Clenching a fastener is well known in the art when the fastener is a staple. The two prongs of the staple can be bent inward—the most standard method—or they can be bent outward to distribute the load to a greater area of the workpiece.
In general, placing a nail into a wood workpiece at a precise angle and position does not result in an exact position, as would be desired. Since wood products have a grain, the path the nail travels can be altered, and when that happens, the exit point of the tip of the nail often is changed from its original “planned” position. This indeterminate nail path is not repetitive, and it is a definite problem for manufacturing or construction applications in which the tip of the nail is to be curled, so that the two substrate layers of the workpiece become clenched together.
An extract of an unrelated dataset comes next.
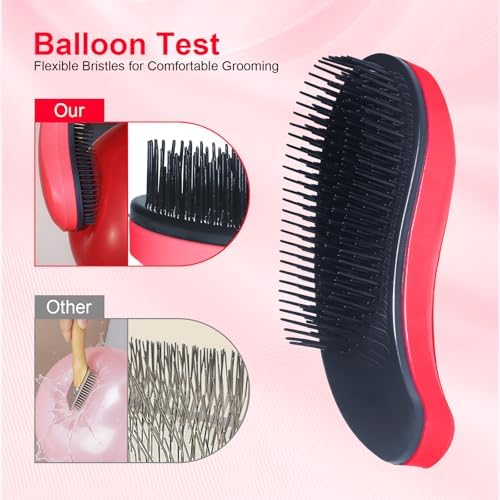 Small Dog Brush, Skin-friendly Soft Bristles (Rose Red) - Image 3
The manufacturers of wood pallets sometimes use a separate, stationary (non-portable) fixture that positions a type of target, or anvil, beneath the bottom wood frame during the initial assembly steps for making a pallet assembly, and then use a nail gun to shoot nails through the multiple-layer workpiece. The tip of the nail, after passing through the multiple layers of the workpiece, will then curl beneath the bottom surface of the workpiece to clench the multiple layers together. Such a process is expensive and slow, since it is unwieldy to provide such large target fixtures and to work with them for the large number of nail-driving positions that must be made in the workpieces.
One improvement in such nailing systems would be to attach a movable anvil to a portable nail driving tool, so that the anvil is always positioned that the correct location beneath the nail driving region, as determined by the human user of the portable nail driving tool. This allows the human user to “fire” as many, or as few, nails as he or she desires at a particular position on the workpiece (e.g., a pallet), and the user will easily be able to see the exact position where the nail is to be driven. By having a portable clenching anvil attached to the tool, the user is able to concentrate on a particular location for placing multiple nails while being assured that the anvil is securely gripping against the bottom of the pallet at that precise location where the nails are being driven.